Joëlle Garriaud-Maylam : « Ringardiser la francophonie : la tactique quelque peu puérile d’Emmanuel Macron »

Pour tenter de masquer son inexpérience internationale, ou essayer de « ringardiser » ses adversaires, Emmanuel Macron a tenu à prononcer un discours en anglais à Berlin. C’est un peu vite confondre le fond et la forme. Les grands hommes d’État qui portent la voix de la France hors de nos frontières ont le devoir de le faire dans notre langue. Ce n’est pas une question de conservatisme ou de paresse linguistique, mais de positionnement diplomatique et d’intérêts économiques. Certes le Général de Gaulle avait prononcé son fameux discours de Ludwigsburg à la jeunesse en allemand, mais il était en Allemagne, et là c’était une forme de respect.

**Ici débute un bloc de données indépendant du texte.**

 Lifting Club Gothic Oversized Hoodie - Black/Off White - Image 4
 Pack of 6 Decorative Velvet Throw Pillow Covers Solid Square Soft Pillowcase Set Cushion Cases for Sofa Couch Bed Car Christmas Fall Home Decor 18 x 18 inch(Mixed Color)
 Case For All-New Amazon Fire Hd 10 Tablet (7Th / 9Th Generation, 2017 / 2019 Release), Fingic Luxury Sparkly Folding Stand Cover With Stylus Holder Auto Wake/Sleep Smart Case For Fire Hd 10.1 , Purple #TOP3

Mais s’adresser à des Allemands – et à des Français d’Allemagne – dans une langue tierce est une autre chose. Imaginerait-on au Québec un responsable politique faire un discours en anglais à l’étranger ? Il serait immédiatement couvert d’opprobre et de déshonneur !

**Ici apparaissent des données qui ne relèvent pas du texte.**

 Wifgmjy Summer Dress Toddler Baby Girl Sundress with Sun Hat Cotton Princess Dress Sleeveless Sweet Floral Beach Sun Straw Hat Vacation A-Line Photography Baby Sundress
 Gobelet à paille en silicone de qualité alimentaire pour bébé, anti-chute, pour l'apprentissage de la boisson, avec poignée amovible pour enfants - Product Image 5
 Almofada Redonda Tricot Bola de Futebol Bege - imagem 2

Dans les relations internationales contemporaines, dont Emmanuel Macron n’est visiblement pas coutumier, la France a toujours défendu un monde multipolaire, par opposition à une politique des blocs et de l’alignement. Défendre l’usage de notre langue à l’international, c’est aussi défendre l’allemand, l’espagnol, le chinois ou l’hindi face à la prédominance de l’anglais. Il y a bien une géopolitique de la langue dans laquelle la France est un acteur majeur… et a la responsabilité de le rester. Alors que de par le monde, du Québec à Alep, d’Haïti au Vietnam, tant se battent pour pouvoir continuer à dialoguer, travailler ou étudier en français, faire fi de notre langue lors d’une allocution prononcée au sein même de l’Union européenne – dont le français est une langue officielle – est une honteuse désertion.

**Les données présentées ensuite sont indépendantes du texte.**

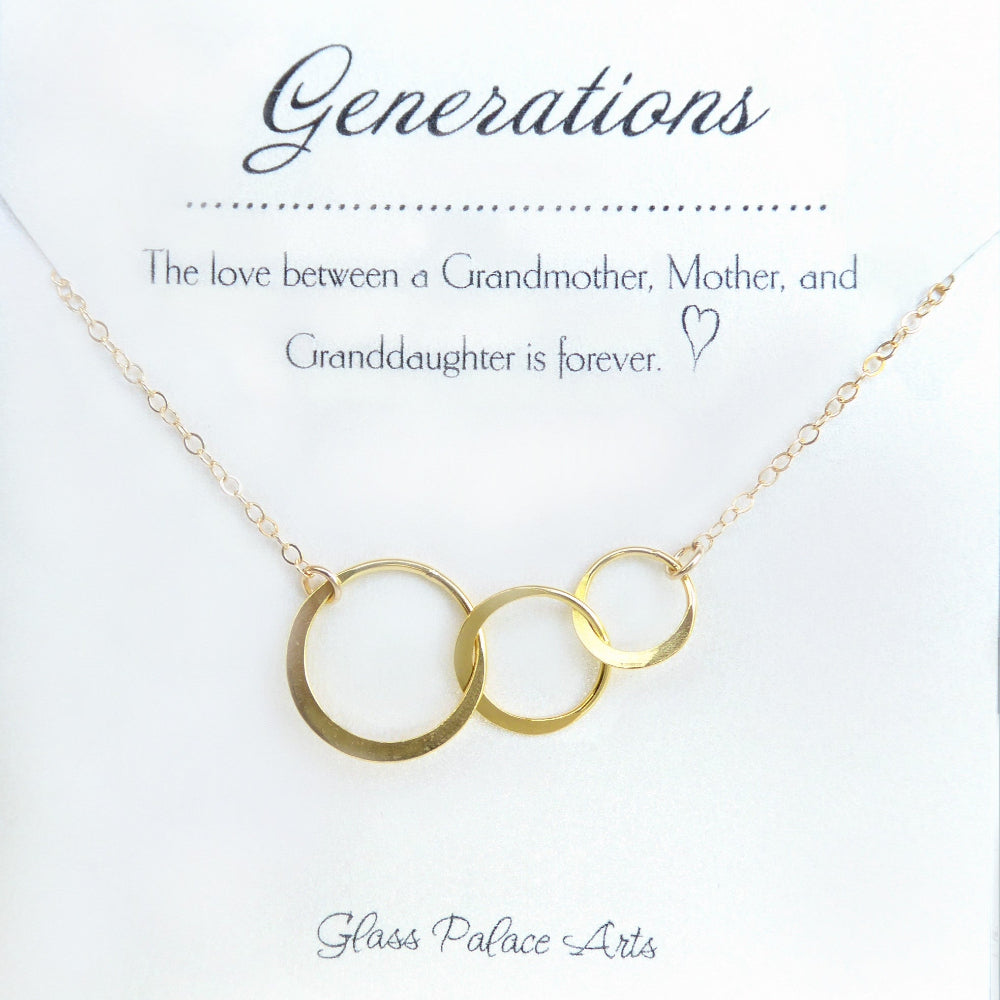 Infinity Necklace For Three Generations On Message Card
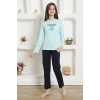 Moda Kız Çocuk Penye Pijama Takım Su Yeşili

Sur le plan économique aussi, il serait suicidaire de brader notre singularité linguistique. Avec près de 275 millions de locuteurs dans le monde – un chiffre en constante augmentation grâce à l’Afrique, le français serait la troisième langue des affaires dans le monde, après l’anglais et le chinois – une position néanmoins menacée par l’espagnol. L’Afrique francophone, seule à résister à l’effondrement des cours des matières premières depuis deux ans, constitue un vrai réservoir de croissance pour l’avenir. Toute reculade linguistique y fragiliserait nos positions commerciales. Les Chinois ne s’y sont pas trompés, en investissant massivement dans la formation linguistique et les médias sur ce continent.

Pour que la francophonie économique ne reste pas qu’une incantation, il est du devoir de chaque responsable français à l’étranger d’y faire vivre et rayonner notre langue. Un homme d’affaires tel qu’Emmanuel Macron devrait aisément le comprendre.